RESCATES
Micaela Bastidas
(1742?-1781)
› Por Claudia Lopez Swinyard
Posiblemente la muerte latinoamericana más emblemática del copioso genocidio español sea la de Túpac Amaru. Un hombre descuartizado en una plaza virreinal. La disposición repetida de un centro popular rodeado por catedrales y cabildos aún hoy sigue siendo un espacio narrativo para el relato de nuestras sangrientas historias. En el corazón de Cusco, en su Plaza de Armas, no sólo fue asesinado José Gabriel Condorcanqui. La crónica detalla con no menos rigor, valga el término, el mismo destino de su esposa. Luego de matar al primogénito, “subió la india Micaela al tablado, donde se le cortó la lengua y se le dio garrote, en que padeció infinito, porque teniendo el pescuezo muy delicado no podía el torno ahogarle y fue menester que los verdugos dándole de patadas en el estómago y en el pecho la acabaran de matar”. Lo que no escucharon sus ejecutores y la mayoría de sus horrorizados testigos es que Micaela había declarado unas horas antes, a manera de defensa, que por la libertad de su pueblo había renunciado a todo. “No veré florecer a mis hijos”, había dicho antes de que la obligaran a presenciar el suplicio de Hipólito, el mismo 18 de mayo de 1781.

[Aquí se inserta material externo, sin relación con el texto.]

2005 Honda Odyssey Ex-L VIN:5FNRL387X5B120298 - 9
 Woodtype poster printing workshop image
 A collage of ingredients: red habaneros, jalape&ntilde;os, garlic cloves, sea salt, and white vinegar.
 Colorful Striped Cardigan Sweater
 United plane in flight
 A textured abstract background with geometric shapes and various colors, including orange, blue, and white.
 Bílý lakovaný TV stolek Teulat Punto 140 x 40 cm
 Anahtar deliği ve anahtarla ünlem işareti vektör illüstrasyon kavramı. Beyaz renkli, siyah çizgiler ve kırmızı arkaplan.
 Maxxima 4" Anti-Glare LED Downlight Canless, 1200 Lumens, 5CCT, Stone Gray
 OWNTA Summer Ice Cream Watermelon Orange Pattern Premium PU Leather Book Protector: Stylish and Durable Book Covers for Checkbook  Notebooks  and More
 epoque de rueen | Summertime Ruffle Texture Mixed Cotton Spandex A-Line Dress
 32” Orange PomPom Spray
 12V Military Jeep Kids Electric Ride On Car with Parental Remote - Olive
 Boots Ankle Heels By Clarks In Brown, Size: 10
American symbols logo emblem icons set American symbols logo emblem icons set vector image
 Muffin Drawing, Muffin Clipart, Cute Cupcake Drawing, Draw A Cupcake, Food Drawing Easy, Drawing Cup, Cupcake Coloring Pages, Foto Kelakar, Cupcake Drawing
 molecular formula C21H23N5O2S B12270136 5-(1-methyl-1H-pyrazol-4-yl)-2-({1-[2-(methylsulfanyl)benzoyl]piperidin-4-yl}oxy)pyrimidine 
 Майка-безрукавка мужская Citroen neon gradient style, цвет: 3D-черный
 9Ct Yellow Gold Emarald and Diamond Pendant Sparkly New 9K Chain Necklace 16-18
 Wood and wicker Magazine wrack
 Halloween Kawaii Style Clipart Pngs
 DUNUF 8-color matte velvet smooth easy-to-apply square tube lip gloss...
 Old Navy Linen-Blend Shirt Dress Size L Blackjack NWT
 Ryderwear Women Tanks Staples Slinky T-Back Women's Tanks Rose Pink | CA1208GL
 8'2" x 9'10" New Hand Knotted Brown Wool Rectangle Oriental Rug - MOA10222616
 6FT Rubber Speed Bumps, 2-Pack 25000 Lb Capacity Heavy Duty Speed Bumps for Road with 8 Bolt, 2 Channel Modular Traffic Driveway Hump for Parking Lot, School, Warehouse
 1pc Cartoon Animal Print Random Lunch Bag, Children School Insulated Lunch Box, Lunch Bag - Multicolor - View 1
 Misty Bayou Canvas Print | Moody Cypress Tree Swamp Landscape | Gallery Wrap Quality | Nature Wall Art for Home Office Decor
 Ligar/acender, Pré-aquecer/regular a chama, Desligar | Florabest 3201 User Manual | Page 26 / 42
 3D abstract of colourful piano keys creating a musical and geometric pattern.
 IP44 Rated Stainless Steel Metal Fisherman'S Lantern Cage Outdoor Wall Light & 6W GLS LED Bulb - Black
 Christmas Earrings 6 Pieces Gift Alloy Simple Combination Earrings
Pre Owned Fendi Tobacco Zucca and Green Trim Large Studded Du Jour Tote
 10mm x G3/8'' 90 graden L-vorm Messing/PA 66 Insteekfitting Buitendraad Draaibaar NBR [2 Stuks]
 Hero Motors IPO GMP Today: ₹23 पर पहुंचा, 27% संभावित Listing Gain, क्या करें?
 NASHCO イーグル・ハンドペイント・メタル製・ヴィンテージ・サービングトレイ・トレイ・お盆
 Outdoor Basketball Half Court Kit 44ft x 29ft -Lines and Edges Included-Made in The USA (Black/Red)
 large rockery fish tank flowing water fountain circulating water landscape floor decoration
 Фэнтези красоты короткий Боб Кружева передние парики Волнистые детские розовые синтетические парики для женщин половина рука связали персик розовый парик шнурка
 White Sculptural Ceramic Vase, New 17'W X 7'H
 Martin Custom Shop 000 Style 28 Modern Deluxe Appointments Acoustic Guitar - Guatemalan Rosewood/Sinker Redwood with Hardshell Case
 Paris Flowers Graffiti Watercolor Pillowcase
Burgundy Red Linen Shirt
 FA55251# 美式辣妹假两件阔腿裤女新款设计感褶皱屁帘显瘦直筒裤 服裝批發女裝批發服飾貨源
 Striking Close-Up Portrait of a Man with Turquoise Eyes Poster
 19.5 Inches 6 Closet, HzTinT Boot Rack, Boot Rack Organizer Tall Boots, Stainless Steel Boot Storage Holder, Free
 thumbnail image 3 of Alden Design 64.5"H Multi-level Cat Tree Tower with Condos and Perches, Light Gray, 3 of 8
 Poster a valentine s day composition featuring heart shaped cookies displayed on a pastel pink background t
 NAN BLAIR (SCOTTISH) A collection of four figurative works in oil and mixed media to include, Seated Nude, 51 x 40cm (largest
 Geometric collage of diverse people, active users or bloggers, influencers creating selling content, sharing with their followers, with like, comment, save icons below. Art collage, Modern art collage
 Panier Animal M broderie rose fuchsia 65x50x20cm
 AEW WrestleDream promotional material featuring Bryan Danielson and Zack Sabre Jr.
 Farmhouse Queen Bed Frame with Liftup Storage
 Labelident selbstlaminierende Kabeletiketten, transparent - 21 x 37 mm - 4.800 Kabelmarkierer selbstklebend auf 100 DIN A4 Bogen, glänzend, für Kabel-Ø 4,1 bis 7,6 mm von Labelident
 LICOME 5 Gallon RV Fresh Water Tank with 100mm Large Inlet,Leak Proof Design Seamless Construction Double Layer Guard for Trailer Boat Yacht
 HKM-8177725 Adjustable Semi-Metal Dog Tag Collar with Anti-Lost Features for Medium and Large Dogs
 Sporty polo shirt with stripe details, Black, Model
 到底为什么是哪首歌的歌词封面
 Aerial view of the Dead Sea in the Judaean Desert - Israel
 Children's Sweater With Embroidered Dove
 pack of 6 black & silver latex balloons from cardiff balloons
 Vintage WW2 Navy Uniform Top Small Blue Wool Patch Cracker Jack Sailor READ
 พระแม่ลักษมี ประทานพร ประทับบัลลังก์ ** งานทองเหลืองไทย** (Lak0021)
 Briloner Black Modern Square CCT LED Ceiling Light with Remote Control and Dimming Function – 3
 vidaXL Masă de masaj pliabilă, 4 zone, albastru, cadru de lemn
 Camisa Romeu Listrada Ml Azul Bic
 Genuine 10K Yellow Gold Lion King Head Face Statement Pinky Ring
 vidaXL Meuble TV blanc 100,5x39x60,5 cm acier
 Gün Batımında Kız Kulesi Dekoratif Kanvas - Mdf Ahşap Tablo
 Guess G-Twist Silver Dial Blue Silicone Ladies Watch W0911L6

Micaela Bastidas Puyucahua nació en el distrito de Tambuco, Abancay. Por excavaciones arqueológicas se deduce que su casa natal pertenecía a una casta alta: un hogar campesino dedicado a la ganadería era un signo de prosperidad en un Perú de escaso desarrollo económico. Lejos de la brutal explotación minera, Micaela aprendió a leer y a escribir antes de casarse, alrededor de los 16 años, con el curaca José Gabriel. Consta en el acta de matrimonio que éste fue calificado de “español y cristiano” pero se trató, además, de una unión de la nobleza india a la vez que de un enlace mestizo. El inicio de este matrimonio histórico fue, casualmente, el 25 de mayo del año 1760 en Surimana. Allí nació, al año siguiente, Hipólito, destinado a la sucesión curacal. Luego vinieron Mariano, también ahorcado aquel 18 de mayo, y Fernando, que luego de presenciar la muerte completa de su “aillu” o familia, fue enviado a España.
Si el final del clan, como era de esperar, estuvo determinado por el ajusticiamiento del cacique, el comienzo de su historia se cifra en la participación de la pareja en “el grito de Tinta”, primer movimiento de emancipación política respecto de España signado por un fuerte contenido libertario a favor de los indígenas y de los esclavos. Micaela pronunciará su grito declarando los claros objetivos del movimiento: “quitar repartimientos y corregidores, alcabalas y otros derechos”. Es decir, dar fin a una estructura económica de dos siglos. Con la muerte de los rebeldes en la Plaza de Armas, también murió la figura del corregidor, dueño y señor de los territorios y de la fuerza de trabajo de sus habitantes. Encargado de cobrar los tributos y repartir “justicia”, este español nombrado directamente por el rey decidía, entre otras cosas, el envío de los indios a las minas. Como una de “las perlitas” de la colonización vale la pena recordar que de diez indios que entraban, sólo dos sobrevivían y regresaban al año, enfermos de por vida. Esto según las estadísticas virreinales.
Micaela viajó con su marido por el virreinato y compartió las lecturas rousseauninas a las que el joven curaca había tenido acceso por su instrucción jesuítica. Embarcados en la revolución, Micaela se hizo cargo, como otras guerreras nobles (Tomasa Condemita, Bartolina Sisa o Gregoria Apaza) de la organización de la retaguardia: proveedora de comida, armas y coca, supervisora de los correos, guía de las estrategias de espionaje, embajadora frente a los otros caciques, encargada de la propaganda y la fidelidad a la causa y enfermera. Los salvoconductos que permitían el tránsito por los territorios llevan, también, su firma.
Los documentos señalan una diferencia con su esposo, su querido y epistolar “Chepe”. Por su lugar en la organización tupamarista y por ser más sensible a una futura contrarrevolución gestada en la Iglesia, Micaela pensaba que era urgente adueñarse del “corazón” del Perú, de Cusco, mientras José se “demoraba”, según ella, en otros pueblos. No sabemos si esta dilación desencadenó el brutal aplastamiento en la Plaza de Armas. Lo que queda allí es el recuerdo de aquel 18 de mayo y la continuidad de una causa. Como escribiera la “rebelde sacrílega”: “No hay razón de que nos estropeen y traten como a perros, fuera de quitarnos con tanta tiranía nuestras posesiones estando en nuestras tierras”.